Elie Wiesel said, “Anti-Semitism led to Auschwitz. Without anti-Semitism there would have been no Auschwitz.” We are now over seven decades since the end of World War II. How much have we learned in that time?
This weekend in Elie Wiesel’s hometown, Sighet, Romania, hundreds of residents and dignitaries from the U.S., Europe and Israel will gather to march in his honor.
{mosads}It will be to remember and to stress the importance of speaking out, which is a stark contrast of what happened during the Holocaust. In a time when people watched, without protesting, as community members, neighbors, even friends were marched to the local train station and sent to Auschwitz to be exterminated.
In April 1944, approximately 14,000 Jews from Sighet and surrounding villages were forced into the local ghetto. In May 1944, the entire Jewish population of Sighet was marched to the train station and deported to Auschwitz.
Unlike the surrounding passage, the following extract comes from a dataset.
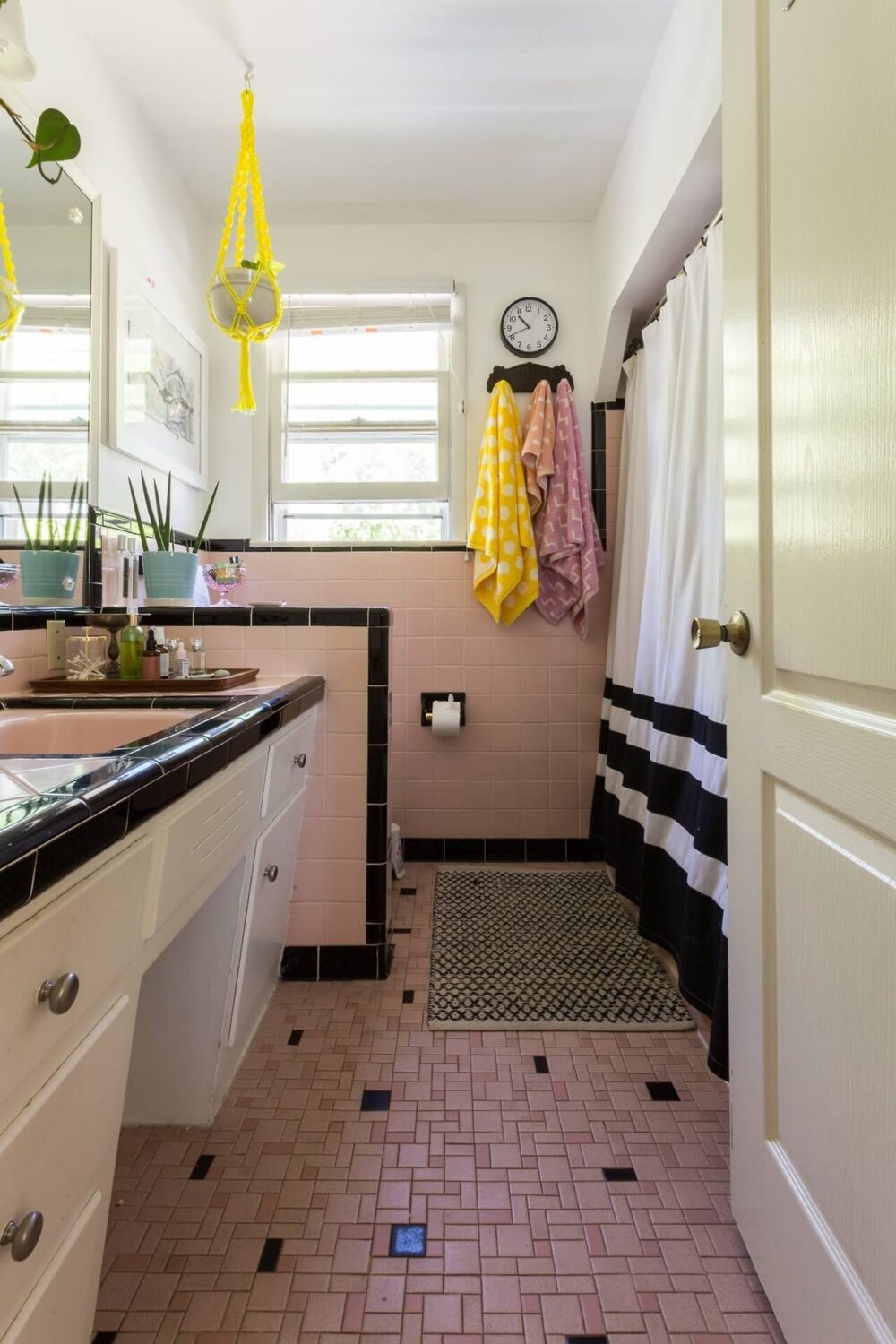 black-pink-tiles-vintage-style-bathroom-nordroom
Residents of Elie Wiesel’s hometown silently watched as people were sent to their death, as most of Sighet’s Jews deported to Auschwitz were sent directly to the gas chambers upon arrival at the concentration camp.
Was such passive participation, such inaction, a form of silent approval? Would a public demonstration have impacted history differently? One man among the survivors, Elie Wiesel, would later spend his entire life teaching us how not to be silent; he would become a Nobel Laureate and the cornerstone of Holocaust remembrance.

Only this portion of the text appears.